Carte-postale confinée – Marie-Pierre Cravedi

Carte postale confinée – Marie-Pierre Cravedi

Chère Imprimerie,

Pendant cette période où je ne suis pas venue te rendre visite, j’ai donné des cours sur Zoom, sur Teams, sur Skype. Je n’entendais rien, je me suis déconnectée, reconnectée, on ne me voyait pas, j’ai éteint l’ordinateur, je l’ai rallumé. J’ai partagé mon écran, ça ne marchait pas. J’ai vu les écrans de mes élèves, leurs familles, leur intérieur. Ils ont vu mes placards mal rangés et ma tête au réveil. Je me suis douchée à 15h, lavé les dents à 18, bu 6 cafés par jour, mangé du chocolat alors que je n’aime pas ça. J’ai pleuré devant des films, devant des livres, pour rien à 2 heures du matin.

J’ai regardé des vidéos absurdes, je les ai partagées. Je les ai reçues des mêmes personnes en retour quelques jours après. J’ai testé les échecs, moi à qui ils font si peur. J’ai joué du piano. Je me suis demandé quel jour on était. Quelle heure. Quel mois.

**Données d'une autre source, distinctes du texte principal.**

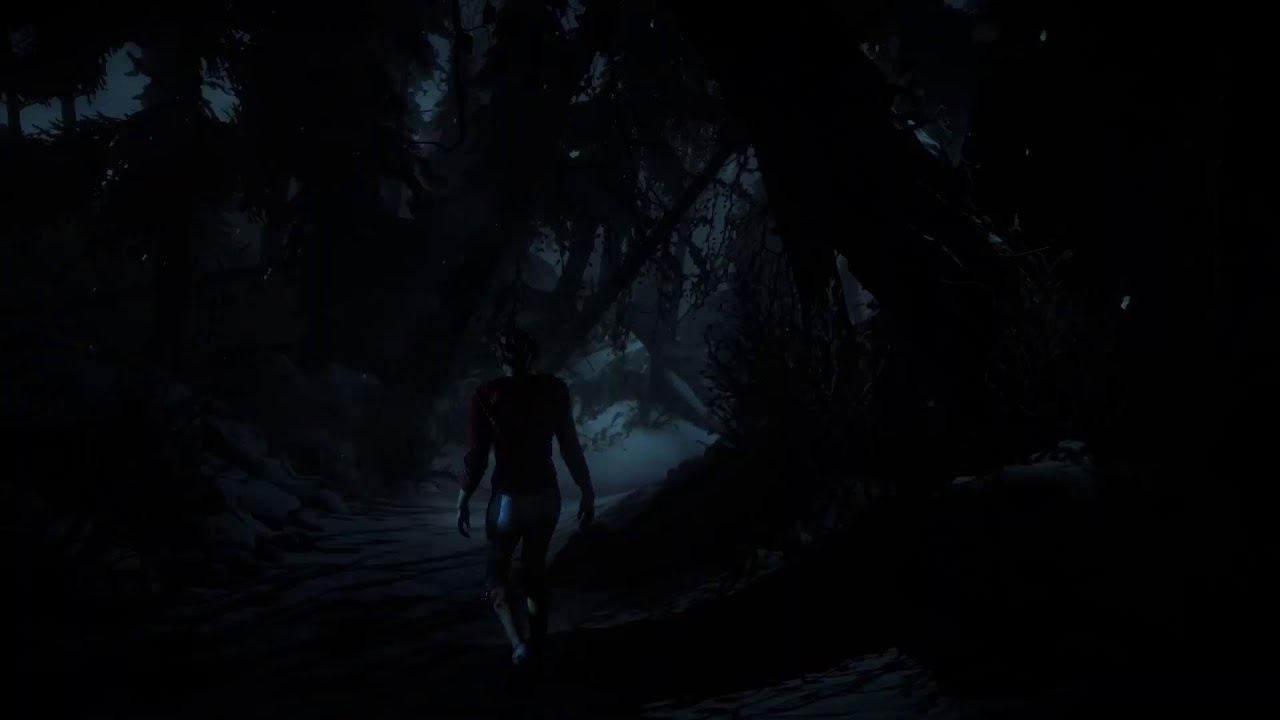 Until dawn versão ps4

J’ai croisé des amis, une collègue, un ancien prof, un élève par hasard dans la rue et ça m’a émue au plus haut point. J’ai fait bouillir de l’eau, je l’ai oubliée. J’ai passé des journées en silence, à me demander le soir si ma voix fonctionnerait de nouveau. J’ai remis de l’eau à chauffer. C’était 23h, je n’avais toujours pas bu mon thé. J’ai eu peur pour les miens, pour les gens qui travaillent, pour mes voisins.

J’ai roulé à toute vitesse à vélo dans un Lausanne sans voiture. J’ai rangé mes habits d’hiver, en espérant que le confinement ne continuerait pas jusqu’à l’automne. Je me suis fait mal au genou, à hurler de douleur. D’ailleurs, c’est ce que j’ai fait. J’ai rêvé à des soirées entre amis, à danser au milieu de plein de monde, à faire des barbecues et des repas de famille, à des voyages lointains, à des rencontres inattendues. Je me suis fait mal au dos. J’ai hurlé de douleur. J’ai répondu à des mails reçus il y a 3 ans. J’ai réappris à marcher, parce que mon cerveau ne savait plus. J’ai eu envie de faire des hugs à des inconnus.

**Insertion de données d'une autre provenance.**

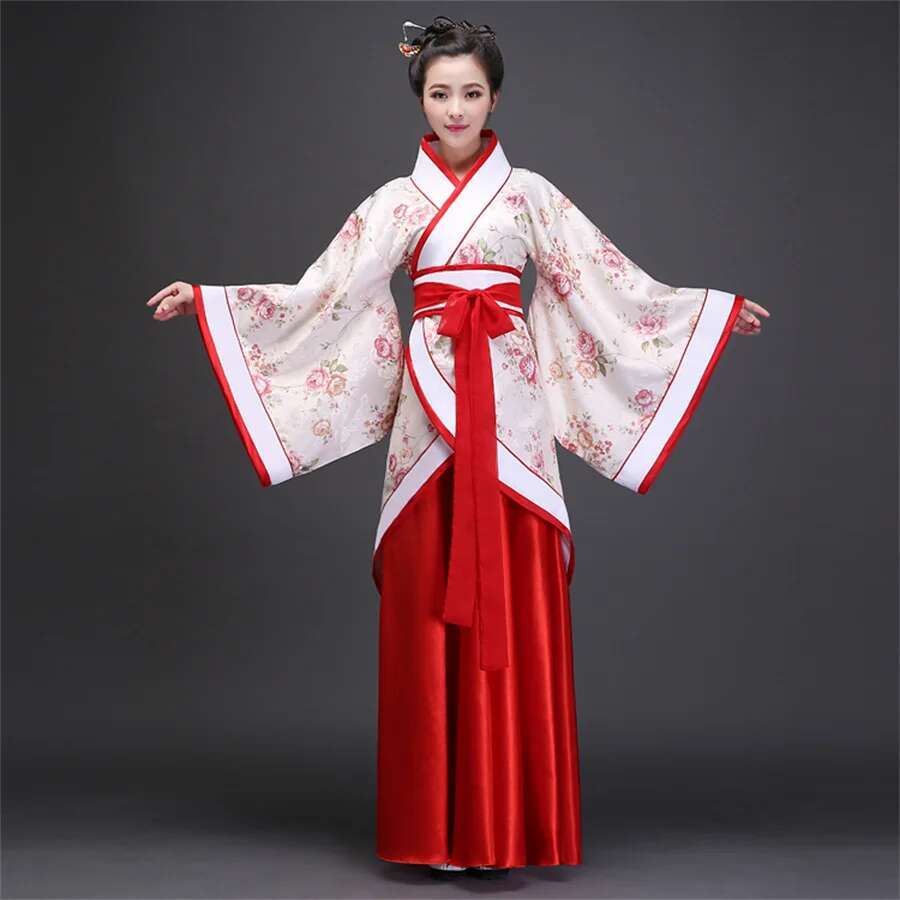 Disfraces de Cosplay, ropa de  - Fashion Show Ethnic Wear reseña y precio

J’ai fait 64 pas en trois jours. A chaque séance, j’ai observé les yeux de mon physio, me demandant comment pouvait être son bas de visage, caché par son masque bleu. J’ai fait le tri dans mon ordinateur, dans mes disques durs et j’ai fait ma compta. Et ça a pris du temps. Beaucoup de temps. Trop de temps. J’ai mis 2h40 pour faire 3 km à pied. J’ai regardé des vidéos de pandas sur internet, ils se faisaient des câlins à chaque fois. J’ai fait des parties de Scrabble contre mon ordinateur et il a toujours gagné. J’ai pensé: «je n’en peux plus de voir personne», «c’est super, prenons cela pour une retraite de meditation» et «aaaaaaahhhh!!!!!» dans la même heure. J’ai ronchonné contre mon ordinateur parce qu’il n’acceptait pas «swag» au Scrabble. J’ai appelé ma grand-mère en vidéo. J’ai fait 6 photos en tout pendant la période de confinement.

J’ai cherché ma voiture longtemps dans la rue. Ma nièce m’a dit, toute excitée: «Tatie, aujourd’hui on est sortis de la maison pour aller jeter les poubelles!». J’ai oublié le code de ma carte bancaire. J’ai dansé comme une folle dans la rue, Nirvana dans mon casque. J’ai acheté du papier toilette. J’ai passé un week end inoubliable à Charmey. J’ai eu envie de rentrer à Toulouse, d’aller à Casablanca, à Niamey et à Tokyo. Je suis restée à Lausanne. J’ai applaudi, sifflé avec mes doigts comme dans les concerts et les stades, et crié à 21h. Je n’ai pas fait de blague du 1er avril, pour la première fois de ma vie. J’ai lu un roman qui se passait en prison. Et un autre en Espagne. J’ai écouté Mathieu Chedid, I am et Leonard Cohen. Mon voisin m’a forcé à écouter Jul, Joe Dassin et Jeanette. J’ai joué à docteur Maboul, aux quilles Molky et au Mémory avec Emile. J’ai roulé dans ma voiture sans but, et j’ai atterri au lac de Joux. Je me suis demandé quand je pourrais prendre ma grand-mère dans mes bras sans avoir peur de la contaminer.